In summary, we used single-cell transcriptomics analysis to gain insights into the heterogeneity of cells within an unsynchronized cardiac reprogramming system. The findings show promise for improving the efficiency and detection of iCM formation. We also anticipate that the experimental and analytical methods presented here, when applied in additional cell programming or reprogramming contexts, will yield crucial insights into cell fate determination and the nature of cell type identity.

Everyone’s Efforts Make Things Happen— the Collaborative Qian Lab

Throughout this project especially during the revision process, everyone in the Qian lab and our collaborators all help a lot. In addition to the other two first authors mentioned above, Dr. Yang Zhou, another postdoc in the lab helped with a lot of the proliferation assays; Dr. Hong Ma helped with most of the Ptbp1-related experiments; Haley, as mentioned above, helped with the shRNA screen; our lab manager Dr. Chaoying Yin helped with cloning and a bunch of other things throughout the project; Dr. Weining Shen in University of California-Irvine, expert in stats and my college classmate helped with the statistical analysis; several other students and volunteers Blake, Sahar, Michael, and Shuo helped with different experiments.
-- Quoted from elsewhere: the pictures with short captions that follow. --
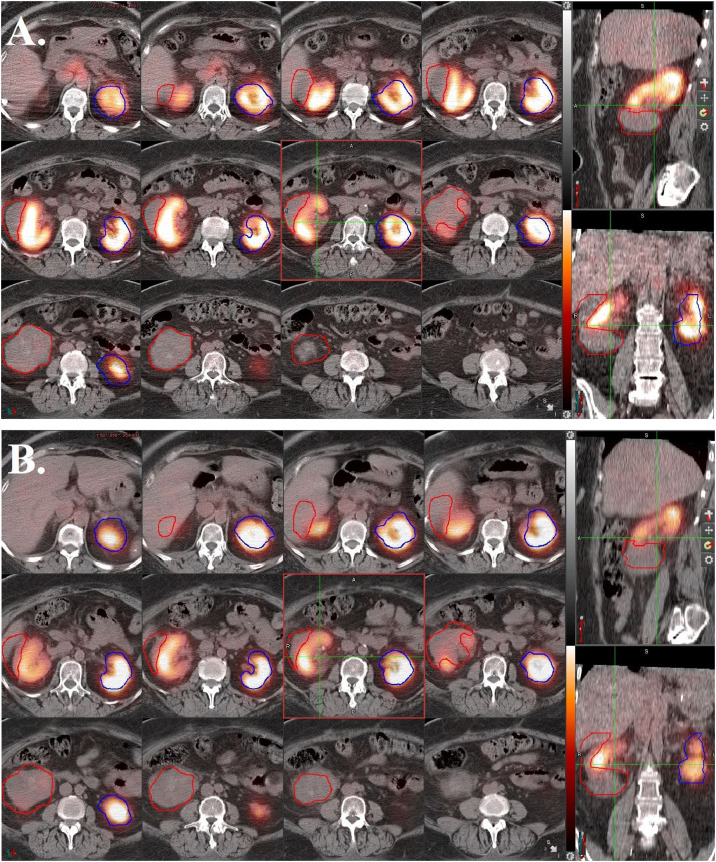 Fig 3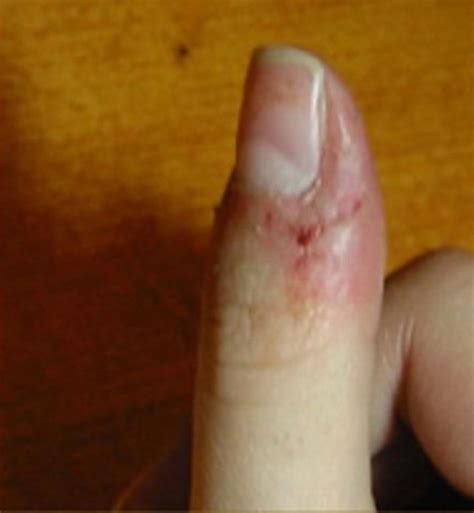 While Chewing The Skin Around Your Fingers You Probably Never Thought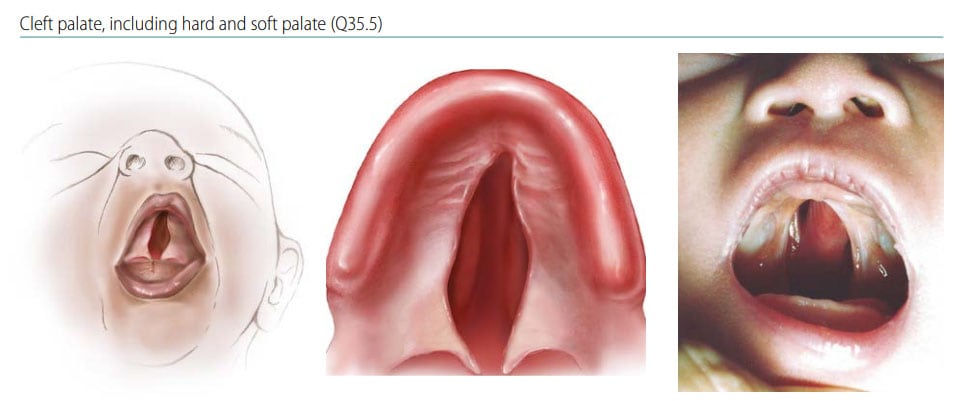 Fig. 21. Cleft palate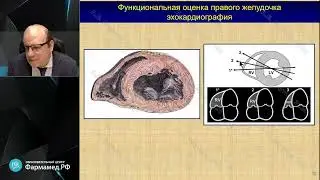 ОПЖСН и легочная гипертензия в МКС Баутин А.Е.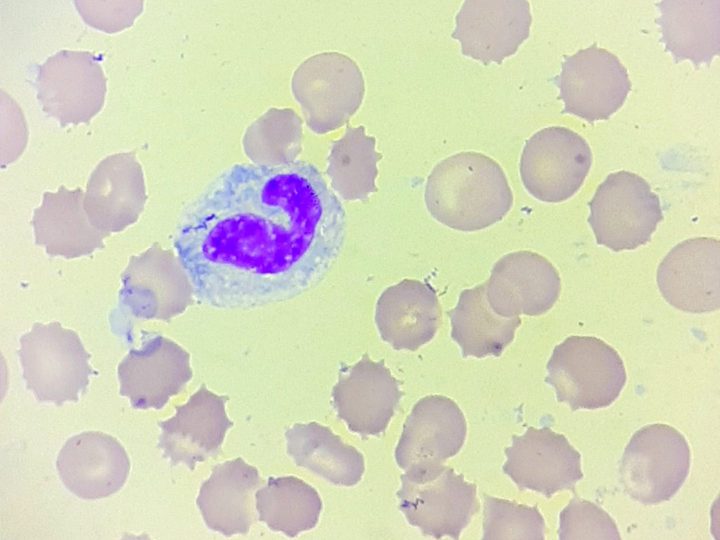 Blood smear: neutrophil with a large basophilic Kniazkov-Dele body and vacuoles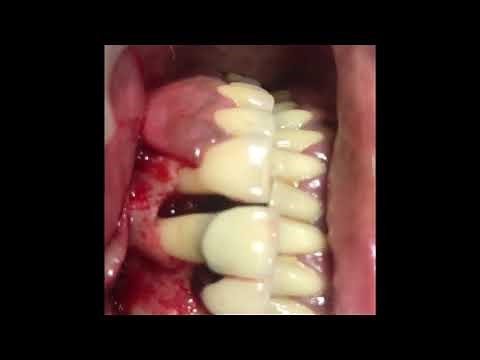 Gingival flap surgery - solution for bleeding gums and loose teeth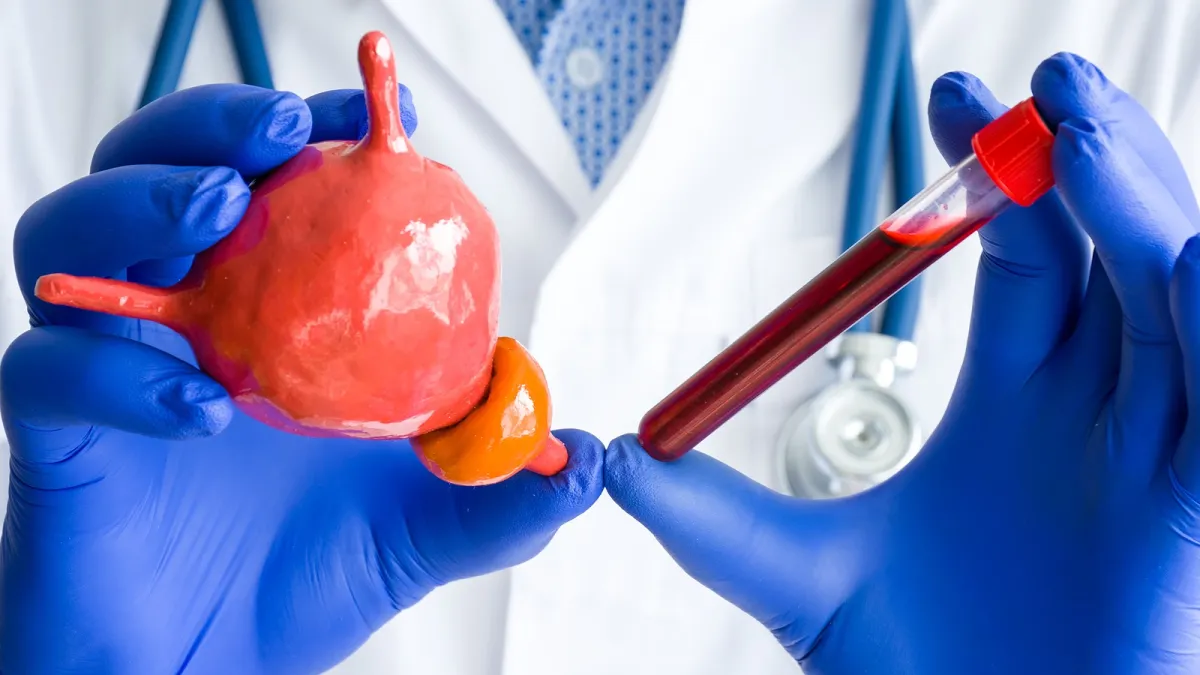 Doctor wearing blue gloves holding a bladder model and a blood sample tube in a medical setting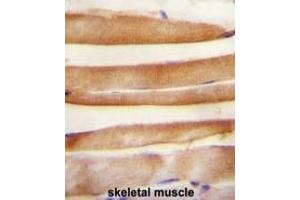 ARV1 antibody (N-term) immunohistochemistry analysis in formalin fixed and paraffin embedded human skeletal muscle followed by peroxidase conjugation of the secondary antibody and DAB staining.
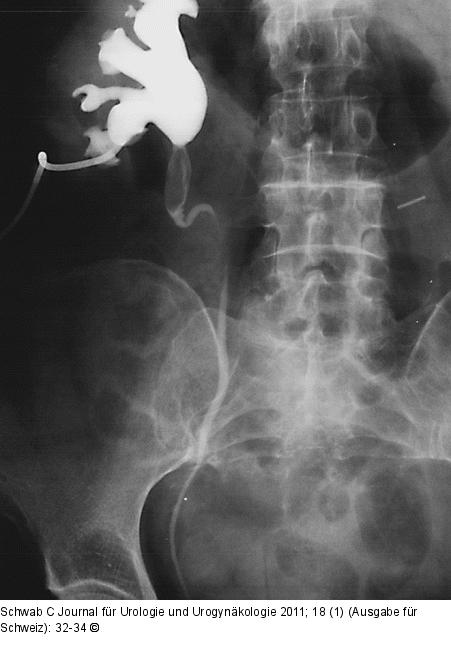 Nephrostomie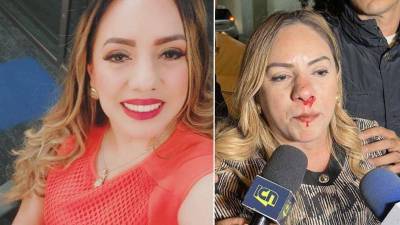 Aún investigan quién agredió a la precandidata.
The two most important people behind this project are surely Dr. Jiandong Liu and Dr. Li Qian. They are not only a couple of passionate and talented scientists, but also caring mentors always supporting and guiding us on our way of scientific adventure. The most amazing part of my experience in the lab besides the quality and productivity of research is actually the unbelievable collaborative, encouraging, and happy environment Li and Jiandong have created. I think that is the exact reason why things can happen this way and everyone is enjoying both life and research in this lab. I feel blessed for being a part of the lab.

The Qian and Liu lab at the award ceremony of 2017 UNC Postdoc Mentoring Award! All five postdoc in the two labs nominated Dr. Qian together and she became the youngest winner of the award, showing her effort and excellence in mentoring trainees in the lab! Upper row left to right: Sahar, Michael, Blake, Chaoying, and Hong. Lower row left to right: Yang, Li Wang, Ziqing, Li Qian, Jiandong, Haley, Tiffany and Peisen. Here is the lab website: http://uncliqian.web.unc.edu/

Our other wonderful collaborators Dr. Jan Prins at UNC and Dr. Weining Shen at UCI

What Is Next?

Decades of accumulation of bioinformatics and computational modeling algorithms and improvement on sensitivity of each step in the sequencing pipeline finally led to the quantum leap that resulted in the advent of single cell OMICs. It is like the invention of smart phone – a completely new era of biological discovery has dawned. Single cell OMICs provide access to new biological questions or revisits of old biological questions but at an unprecedented resolution. Examples of questions to re-ask include “what defines a cell?”, “ultimately how is the fate of a cell determined?” and “what are molecular cascades to establish the cell fate once determined?”

In the world of big data, changes in technology and computer modeling algorithms are rapidly re-shaping the world around us and the way we do research. Interdisciplinary projects adopting combinatorial approaches of both biological experiments and computational analyses will open new windows of biological discoveries and inspire new ideas on both sides. In the future, we expect to continue this strategy of interdisciplinary collaboration and further explore cell fate control in development, regeneration, and disease.